1. ## unique factorization domain, root of a polynomial, field of fractions proof

let A be a UFD and K its field of fractions. and $f\in A[x]$ where $f(x)=x^{n}+a_{n-1}x^{n-1}+....+a_{1}x+a_{0}$ is a monic polynomial. Prove that if f has a root $\alpha=\frac{c}{d}\in K$, $K=Frac(A)$ then in fact $\alpha\in A$

I need some guidance with the proof.
Proof:
$f(\alpha)=0\Rightarrow c^{n}+a_{n-1}c^{n-1}d+...+a_{1}cd^{n-1}+a_{0}d^{n}=0$
which gives
$c^{n}=-a_{n-1}c^{n-1}d-...-a_{1}cd^{n-1}-a_{0}d^{n}$
and we observe that $d|c^{n}$*since all the terms on the rhs are multiples of d

but how do we know that $c^{n}|d$??? from what do we conclude that??

And later in the proof it says '' hence c,d are relatively prime we get that $\frac{c}{d}\in A$ how do we deduce the last part as well?
based on what do we conclude that $\frac{c}{d}\in A$?
Any help appreciated!

2. ## Re: unique factorization domain, root of a polynomial, field of fractions proof

Aren't you choosing c and d such that gcd(c, d) = 1 to begin with? (I don't have your proof in front of me.) If they had a common divisor, you could cancel it so that they then didn't, since the fraction field is, up to isomorphism, from an equivalence relation basically defined by such cancellation. And since A is a UFD, you can always find a GCD. So d divides c^n forces d to be a unit right there, and you're done.
Since I can't see the proof you're referring to, I can't say for sure.

3. ## Re: unique factorization domain, root of a polynomial, field of fractions proof

Originally Posted by johnsomeone
Aren't you choosing c and d such that gcd(c, d) = 1 to begin with? (I don't have your proof in front of me.) If they had a common divisor, you could cancel it so that they then didn't, since the fraction field is, up to isomorphism, from an equivalence relation basically defined by such cancellation. And since A is a UFD, you can always find a GCD. So d divides c^n forces d to be a unit right there, and you're done.
Since I can't see the proof you're referring to, I can't say for sure.
yes, sorry the hypothesis is that c and d are relatively prime.
Could you explained based on what then $\frac{c}{d}\in A$?

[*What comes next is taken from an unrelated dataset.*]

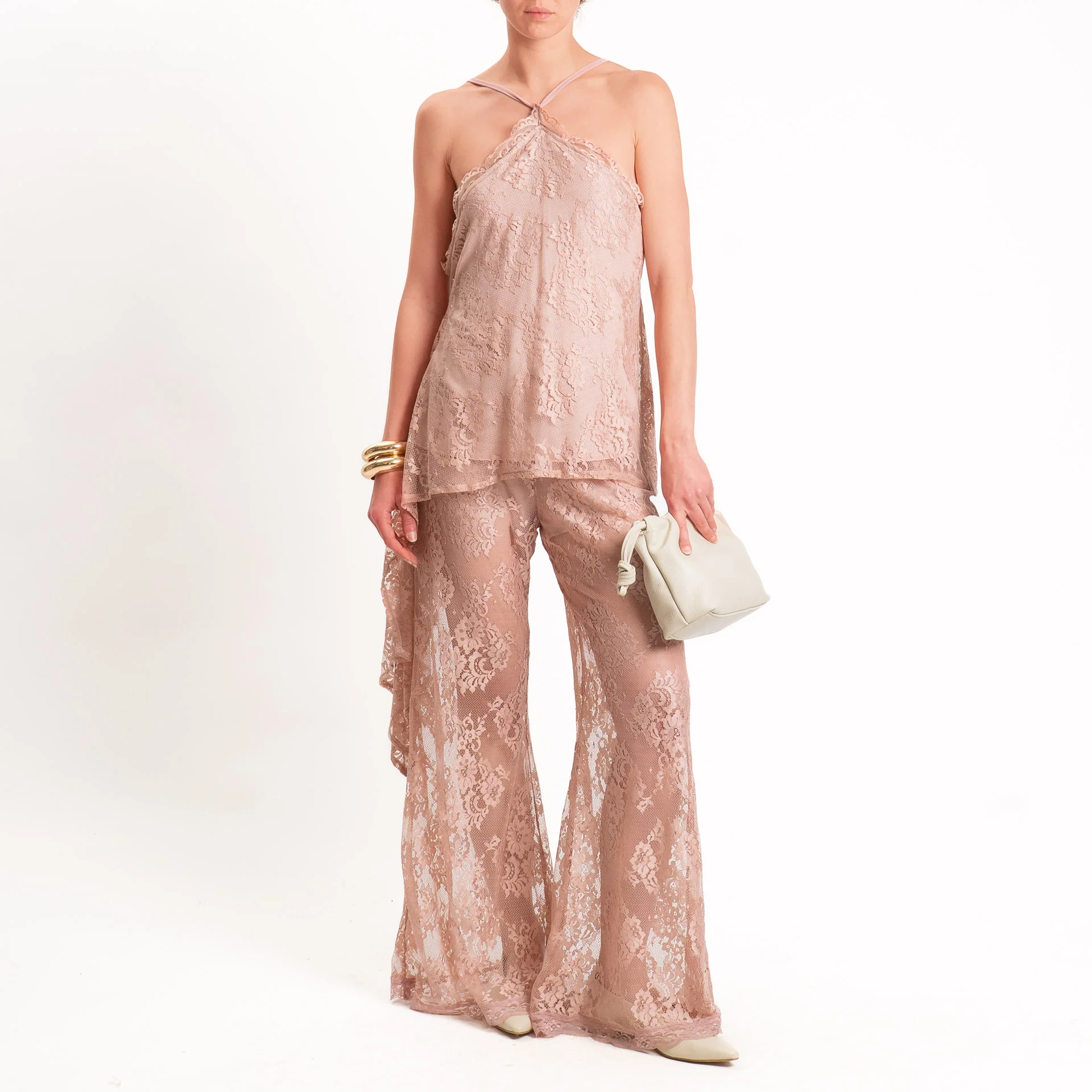 Haveone-Pantalone in pizzo elastico in vita - cipria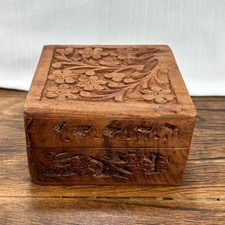 Hand Carved Wood Box Floral Design Trinket Jewelry Box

4. ## Re: unique factorization domain, root of a polynomial, field of fractions proof

What john is saying is that if c and d are relatively prime, and if d divides c^n, then d must be a unit, meaning that the inverse of d is in A, so that c/d is basically c multiplied to the inverse of A, which will be in A.

5. ## Re: unique factorization domain, root of a polynomial, field of fractions proof

Ah this reformulation helped me a lot! Thank you both